The people who were in exile in Babylon were a strange mix. There was the true remnant, and also a larger group mixed in with them who were not convinced God was present for them. They believed in the Lord God of Israel but had become hopeless. Their captivity in Babylon had ruined their faith. As far as they knew, God had discarded them. He wasn’t concerned about their circumstances. And that’s why God sent Isaiah. God sent the prophet to declare the truth. Everyone needed to hear the promises of God that would bring them to true faith, especially those who’d lost hope.
Isaiah came to affirm that God was the creator and protector of all creation. He would not forsake what he’d made. He never grew tired of his people. None of their struggles were hidden from God. None of their complaints were too much for him to tolerate. But they didn’t believe this so when Isaiah came, his message flipped their whole view of things.

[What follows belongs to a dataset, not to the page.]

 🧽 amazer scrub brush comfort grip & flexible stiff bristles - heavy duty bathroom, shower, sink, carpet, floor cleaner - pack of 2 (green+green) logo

Now, the truth was clear. God would give strength to those who were exhausted and oppressed. Even if their children ran out of youthful energy, and even though they knew from experience that all life was frail and temporary, the Lord promised that those who waited on him would be changed for the good.
That’s why even today, when we wait on the Lord, we’re waiting for him to fulfill his promises to us. That’s why we also pray for patience to not become indifferent. We wait in faith, but sinners that we are, we become restless and eager, and that can tempt us to become hopeless.
Hope for God to fulfill his promises is an active thing. English Bibles usually alternate between translating the Hebrew word “qawah” with “hope” or “wait.” Two words that communicate the same sentiment as the original. Hope is a consequence of expectant faith. Hope believes liberation is coming. It waits for it. It yearns for it with eager expectation. It knows it will happen. We just don’t know exactly when.
But when liberation comes, when God gives us freedom from our concerns and struggles, we will escape from our fetters like eagles who take flight.
However, there’s another lesson from Isaiah. The way that leads back to the promised land will be long and arduous. We will be set free in an instant. We will run away from all that imprisons us. But our initial sprint to freedom will slow to a walk. The return to our true home will not happen overnight. However, God will not allow this to divert us. We will not become hopeless because the Lord is with us. Our confidence is in his promises. Our hope is in the fact that he leads us home. He who sets us free, who never slumbers or sleeps, goes before us the whole way.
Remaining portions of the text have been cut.